== DATA SHOWN ==

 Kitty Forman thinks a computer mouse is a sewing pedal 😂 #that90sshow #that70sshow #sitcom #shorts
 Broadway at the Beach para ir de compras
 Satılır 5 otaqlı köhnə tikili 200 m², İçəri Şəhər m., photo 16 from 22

===
== DATA SHOWN ==

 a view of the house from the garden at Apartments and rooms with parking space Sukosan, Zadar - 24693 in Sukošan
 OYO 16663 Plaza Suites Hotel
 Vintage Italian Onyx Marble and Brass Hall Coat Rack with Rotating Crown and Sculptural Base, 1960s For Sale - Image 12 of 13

===

WHAT THE EXERCISE ASKS: Out of the material above, gather each line where "with" appears.

COMPLETED EXERCISE:
 a view of the house from the garden at Apartments and rooms with parking space Sukosan, Zadar - 24693 in Sukošan
 Vintage Italian Onyx Marble and Brass Hall Coat Rack with Rotating Crown and Sculptural Base, 1960s For Sale - Image 12 of 13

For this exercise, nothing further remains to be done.